Your objective
In the entries below, find the line with "this 700×525 image." and the line with "this 1280×853 image.", then retype both and everything between them exactly. Do not copy the pictures.

======== Supplied data ========

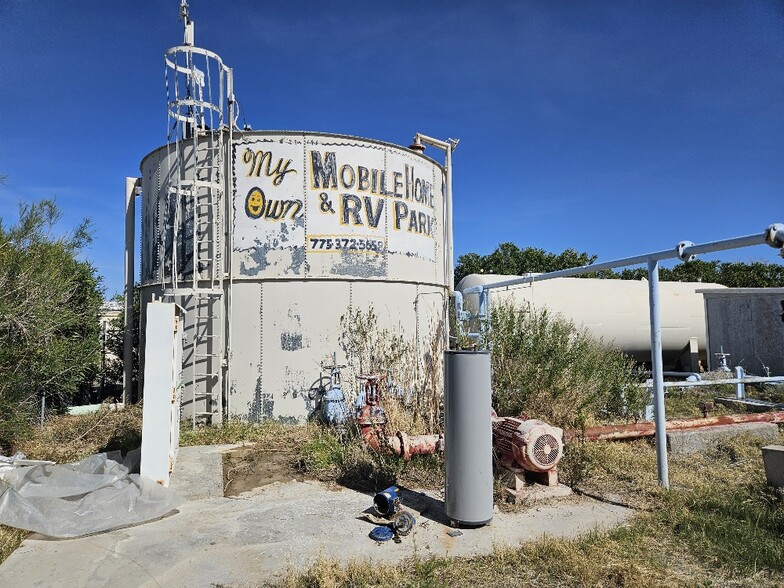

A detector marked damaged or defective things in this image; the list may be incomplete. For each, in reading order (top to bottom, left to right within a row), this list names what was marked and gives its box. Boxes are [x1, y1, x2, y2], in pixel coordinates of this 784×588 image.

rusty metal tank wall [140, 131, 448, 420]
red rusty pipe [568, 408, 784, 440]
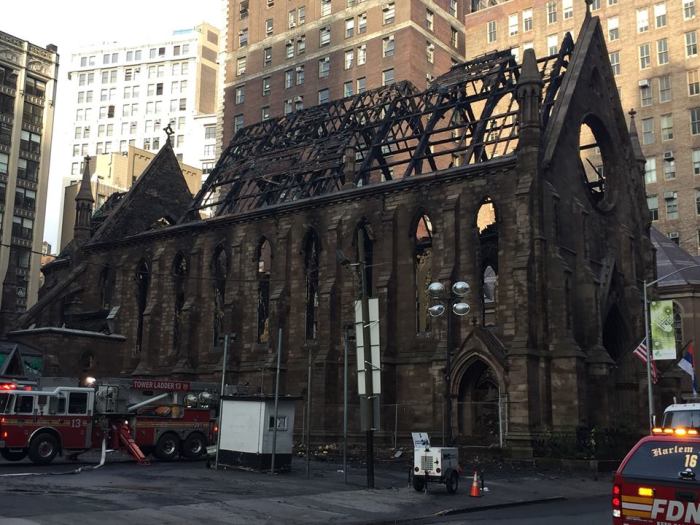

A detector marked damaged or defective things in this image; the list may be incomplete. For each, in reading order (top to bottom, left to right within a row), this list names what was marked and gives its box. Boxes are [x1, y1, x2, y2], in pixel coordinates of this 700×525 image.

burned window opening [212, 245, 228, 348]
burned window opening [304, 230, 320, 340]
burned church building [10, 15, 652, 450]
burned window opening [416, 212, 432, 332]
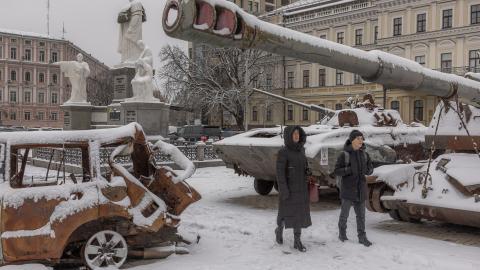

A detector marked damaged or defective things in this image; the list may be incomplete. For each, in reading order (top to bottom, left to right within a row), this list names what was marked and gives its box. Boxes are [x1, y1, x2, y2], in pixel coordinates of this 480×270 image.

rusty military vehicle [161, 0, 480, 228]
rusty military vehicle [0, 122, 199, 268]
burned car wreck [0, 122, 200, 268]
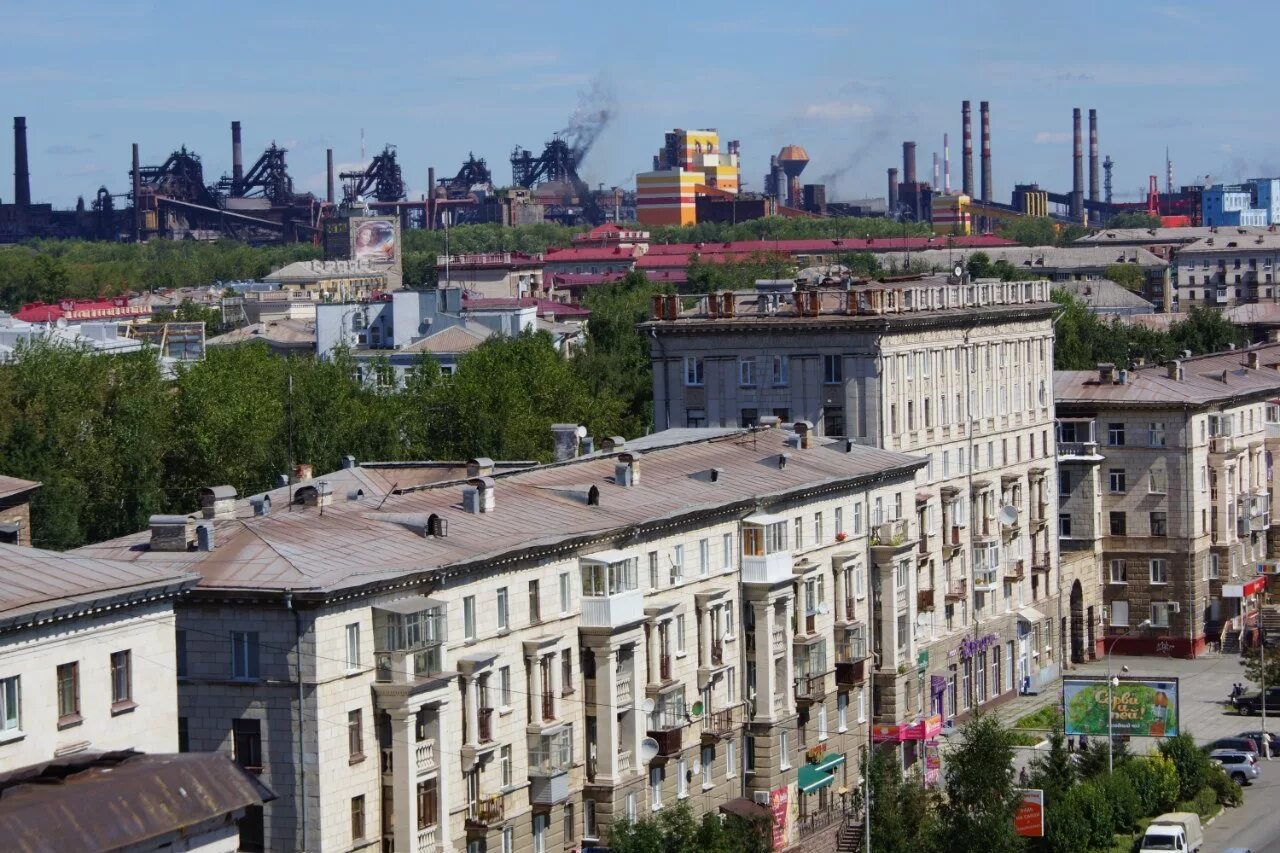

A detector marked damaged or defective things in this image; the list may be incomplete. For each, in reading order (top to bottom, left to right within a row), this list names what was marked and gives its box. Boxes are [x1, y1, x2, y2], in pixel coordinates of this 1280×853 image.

========
======== Supplied data ========

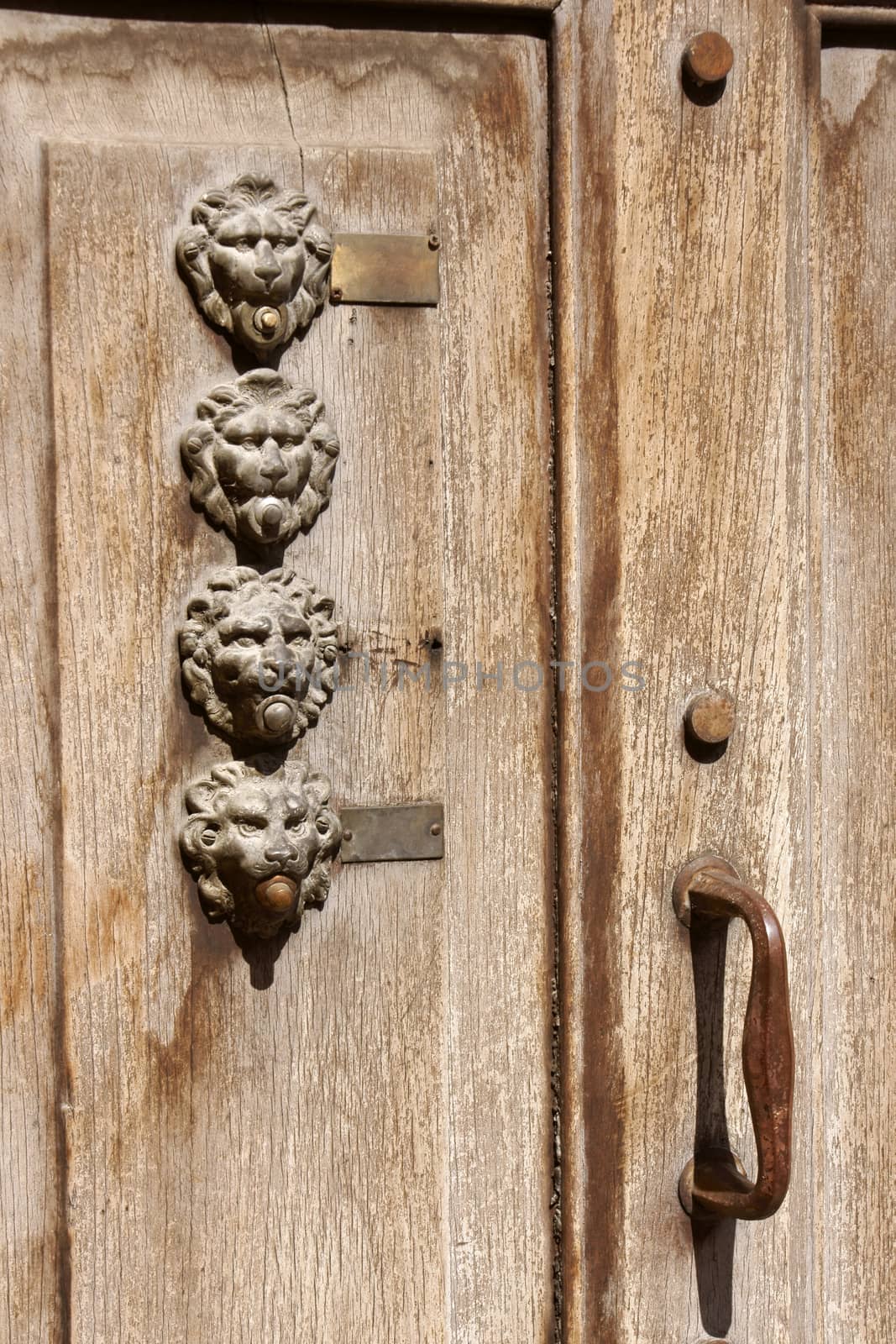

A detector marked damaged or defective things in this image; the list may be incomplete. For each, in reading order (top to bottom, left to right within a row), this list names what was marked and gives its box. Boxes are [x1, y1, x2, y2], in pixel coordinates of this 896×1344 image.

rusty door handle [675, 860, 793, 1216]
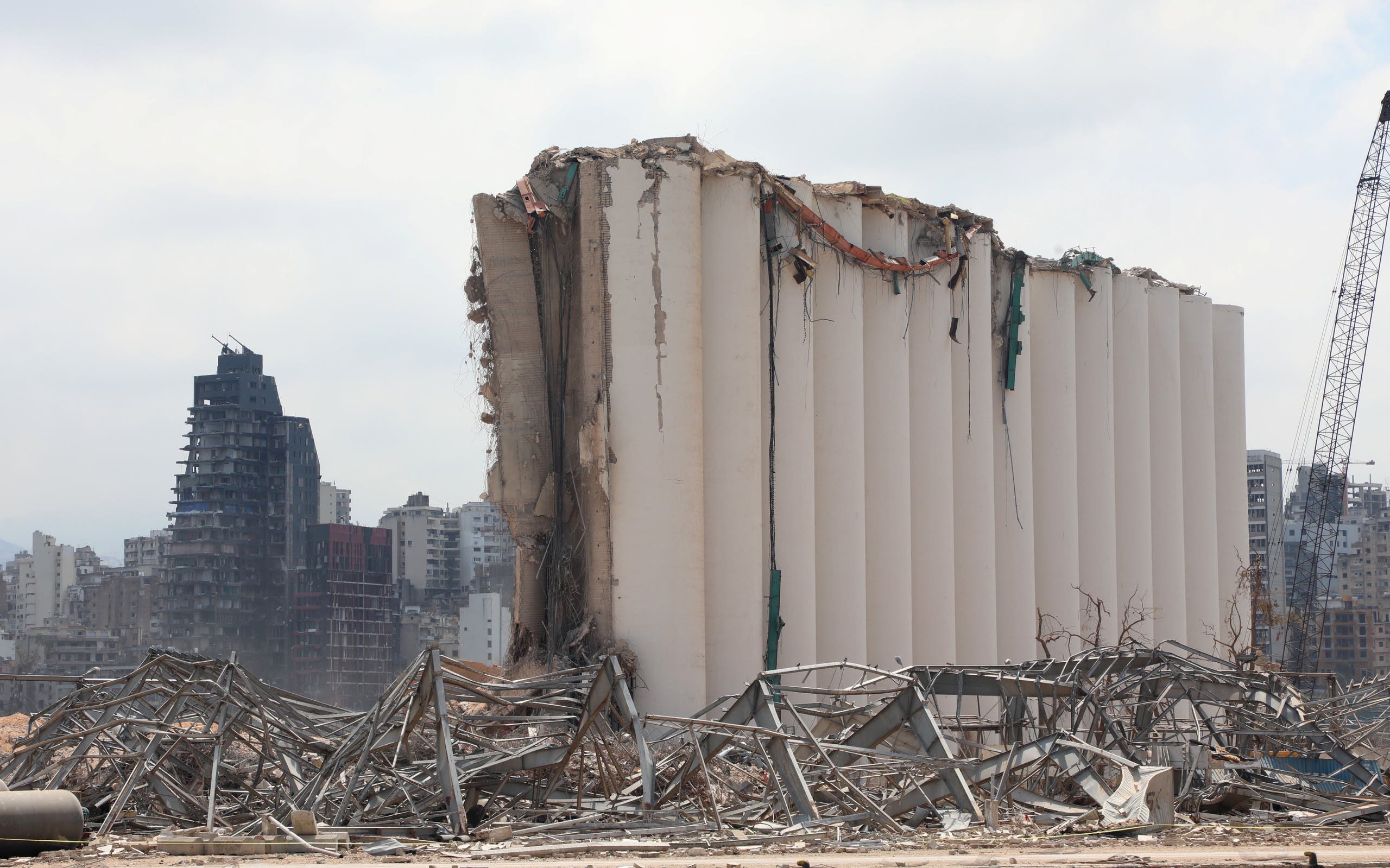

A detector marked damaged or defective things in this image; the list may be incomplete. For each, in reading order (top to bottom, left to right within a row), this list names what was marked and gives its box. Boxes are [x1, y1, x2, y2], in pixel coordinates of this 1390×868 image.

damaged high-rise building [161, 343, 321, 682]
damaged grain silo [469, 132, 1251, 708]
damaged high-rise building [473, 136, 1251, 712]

========

Exercise output
A detector marked damaged or defective things in this image; the list may be incomplete. For each, in reading order (top to bottom, left to right within a row), this list names what was marked and gives its box. Boxes are [x1, y1, x2, y2], in pixel coordinates of this 700×525 image.

burned window opening [212, 245, 228, 348]
burned window opening [304, 230, 320, 340]
burned church building [10, 15, 652, 450]
burned window opening [416, 212, 432, 332]

A detector marked damaged or defective things in this image; the list may be incomplete. For each, in reading order (top to bottom, left to right within a row), this list names what was marked and gives its box. Boxes are [x1, y1, x2, y2], in pixel coordinates of this 480×270 image.

rusty military vehicle [161, 0, 480, 228]
rusty military vehicle [0, 122, 199, 268]
burned car wreck [0, 122, 200, 268]

A detector marked damaged or defective things in this image; the list may be incomplete. For each, in reading order (top to bottom, left to right within a row), this list names what was marked and gives its box. Boxes are [x1, y1, x2, y2], in pixel coordinates of this 1280×853 image.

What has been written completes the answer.